8. Remettre à plat les niches fiscales, et supprimer celles dont l'effet positif sur la croissance ou sur l'emploi n'est pas avéré, ou pas en rapport avec le coût de la mesure - je pense par exemple, comme tout le monde, à la TVA réduite sur la restauration. Et éviter d'en inventer de nouvelles !
1. Taxer différemment les bénéfices des entreprises (Impôt sur les Sociétés) selon qu'ils sont distribués (dividendes) ou réinvestis. Cette différentiation (qui serait évidemment une nouvelle niche fiscale) n'aurait aucune justification en termes de justice, et aurait de forts inconvénients en termes d'efficacité économique.

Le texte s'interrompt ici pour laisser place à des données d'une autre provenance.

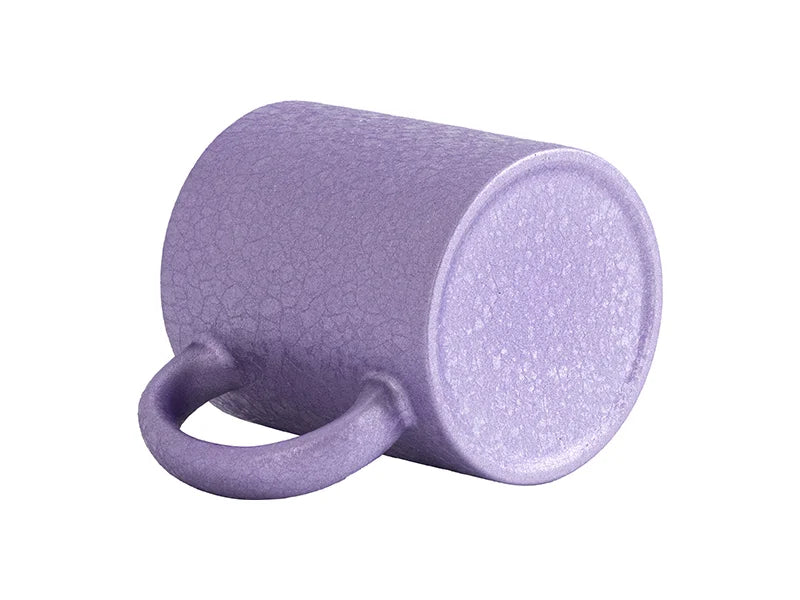 Sublimation Blanks 11oz Crackle Finish Ceramic Mug(Purple)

2. Supprimer le quotient conjugal pour le calcul de l'impôt sur le revenu. Une telle suppression conduirait à taxer différemment un couple selon la répartition des revenus au sein du couple : par exemple, pour un même revenu global, un couple dans lequel la femme a un revenu supérieur à celui de son compagnon serait taxé davantage qu'un couple dans lequel les deux partenaires ont des revenus égaux. Cela ne me semble ni juste ni justifié.
3. Fusionner la CSG et l'IR. Cette mesure serait d'une grande complexité, aurait des effets non maîtrisables, serait totalement illisible, et serait donc très probablement mal comprise par la plupart. Elle n'aurait aucun avantage en contrepartie de ces inconvénients. Il est à mon avis bien préférable, pour rendre le système fiscal plus juste, d'intégrer dans l'assiette de l'impôt sur le revenu les revenus qui en sont actuellement exclus, et en particulier les revenus du patrimoine.
4. Mettre en place un prélèvement à la source. Cette mesure, d'une très grande complexité de mise en oeuvre, serait sans bénéfice pour personne (ou alors, s'il doit y avoir des bénéficiaires et donc probablement des "victimes", il serait honnête de nous dire lesquels). Un exemple de ce qu'il ne faut surtout pas promettre.